Let’s move on to the courthouse hallway in Brookville on a lovely November day in 2009 for some skullduggery between Michael and Keyrock vs Steven and reason. According to Steven’s written and sworn public testimony, these two clever fellows insisted to Steven that they couldn’t accept an offer to buy the Malibu from the estate in-kind against his eventual settlement to settle this issue because the estate needed the cash to pay the bank because the estate was in a “financial crisis”. But the bank was only owed $2000 at that point, and a few minutes later Keyrock was explaining in court that we had sold land pending approval of the court and that he right now had a $20,000 down payment, check in hand. Right there, Gary E Smith of Connersville, Indiana bald face lied to a client in order to sabotage his and my interests. Did I mention that me and Steven paid 2/3 of the freight for this lying shyster? It’s communism and terrorism, I tell ya.
Speaking of communism and terrorism, let me give you Keyrock’s most clever trick of caveman economics: He apparently purposely simply ran Howard’s main debt, a $48K bank loan, into default for over a year. Now, the estate held more than twice that value in stock in the bank to which the loan was owed. Indeed, that was the collateral for the loan. The estate purposely put off the obvious point of selling the bank back some of our stock to cover the loan as they were asking, and ran up Lord knows what kind of extra interests and penalties – or the point of even just selling enough stuff from a near half million dollar estate to keep making Howard’s $500/month payments. Heck, the continuing dividends on that bank stock would have paid half the payments without selling anything at all.

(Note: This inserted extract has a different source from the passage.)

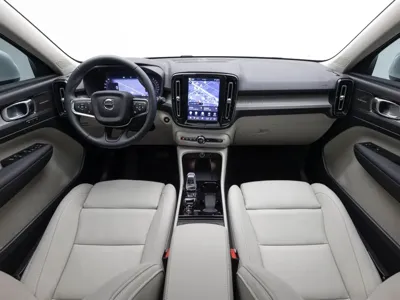 Volvo XC40 2026, 824 км, за 29253.06 USD - фото 7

Speaking as a forensic pathologist for what’s left of my dumb cracker ass, the only and obvious point of running this loan into an expensive default like this was to use that as a club to beat ol’ Al and take my little bit of stuff and generally fulfill the Prime Directive. The “financial crisis” of the defaulted loan means that really the only way to pay that mortgage was to sell my home and/or my car out from under me. There’s $100K+ in bank stock, but really they’ve just GOT to have my five year old Malibu to pay a $48K debt. They eventually sold the bank enough stock to leave $2000 in debt to hold over me – the $2000 they were moaning about to Steven.

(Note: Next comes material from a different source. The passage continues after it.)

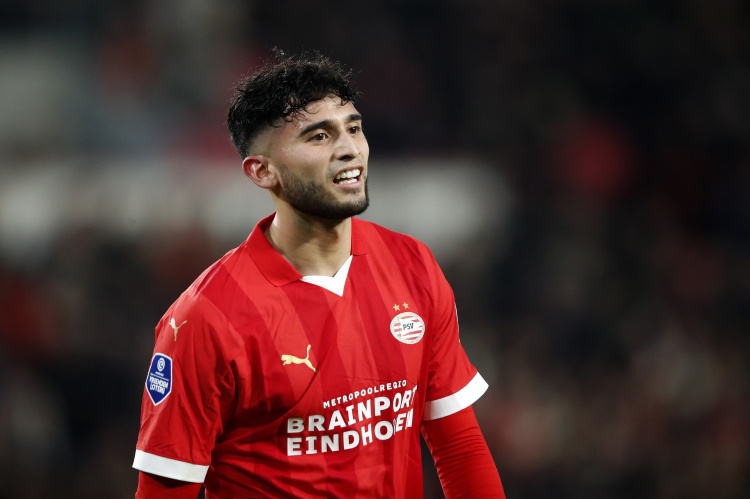 BOB半岛官网-记者：已报价2800万镑，富勒姆和埃因霍温就引进前锋佩皮深入谈判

The most memorably contemptibly comically disgusting display of Judge Cox’s Cartman complex came before me a few minutes later that day in November of 2009, again involving the ever so controversial Malibu. I was late by three weeks at that point from obeying his order to physically surrender to the estate my only means of transportation from 15 miles out in the countryside while I was still hustling to secure another vehicle. I didn’t like dragging my feet on fulfilling a court order, but I was slightly less scared of those bad possibilities right at that moment than of being absolutely stranded.

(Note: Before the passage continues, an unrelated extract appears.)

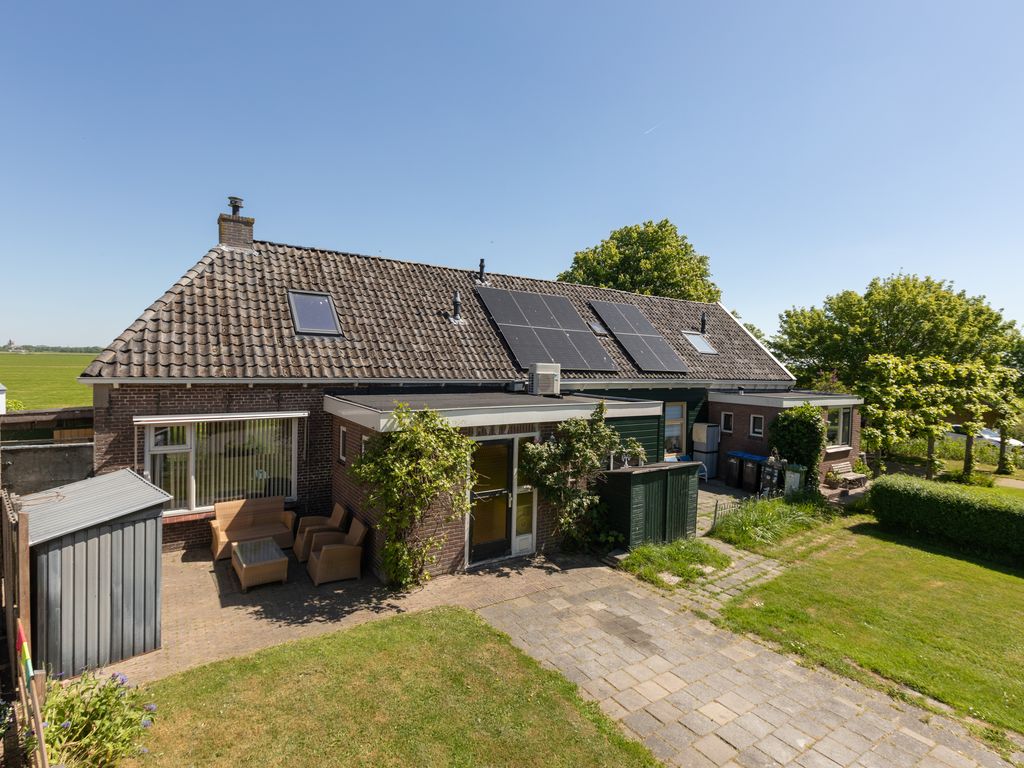 Singel 18, Tjerkwerd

Rather than wait two more weeks for me to hand over the Malibu, as I had told the estate in writing I would do by the end of the month, they had me drug back into court, hoping to get me thrown in jail for contempt of court. Plus, this gave Gary Smith an excuse to run up at least $1500 in “extra” legal charges over the maybe $3000 actual value of my car. This is, again, also rather than accept or even consider or negotiate the offer from Steven to pay for it in kind – as Steven had repeatedly made in writing to settle the matter simply between us. That would have settled the matter, but it wouldn’t do much to SCREW AL.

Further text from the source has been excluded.